If that doesn’t mean a great deal to you, don’t stress; in layman’s terms, Infiniti are promising sporty acceleration when required, greater economy when it’s not, so customers will no longer have to choose between a frugal four cylinder or a thirsty V6 — instead they can have the best of both worlds. The engine also weighs less than a V6, and generates lower levels of vibration, thus improving overall performance and comfort levels.

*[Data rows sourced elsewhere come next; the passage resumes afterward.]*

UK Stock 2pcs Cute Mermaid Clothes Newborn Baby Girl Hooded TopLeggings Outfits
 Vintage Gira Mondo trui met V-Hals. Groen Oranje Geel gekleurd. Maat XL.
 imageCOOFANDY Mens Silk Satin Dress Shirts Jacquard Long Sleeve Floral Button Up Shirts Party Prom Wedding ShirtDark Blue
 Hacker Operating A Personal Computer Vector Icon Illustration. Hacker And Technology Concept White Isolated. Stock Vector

That rather clever engine, the technology within which took Nissan / Infiniti over 20 years to perfect and bring to market, is mated to an Xtronic Constantly Variable Transmission (CVT) gearbox, which itself is designed to maximise fuel economy. Infiniti stress that this CVT features their latest control software in an effort to ensure the gearbox delivers a more natural driving experience; in the past, CVTs have earned a reputation for creating a monotonous driving sensation, since they are designed to keep an engine’s rev range within certain close limits and provide seamless changes. Certainly on predominantly level ground, the gearbox in the new QX50 performed perfectly well, when accelerating hard there is a normal sensation of changing gears, akin to that of a regular automatic.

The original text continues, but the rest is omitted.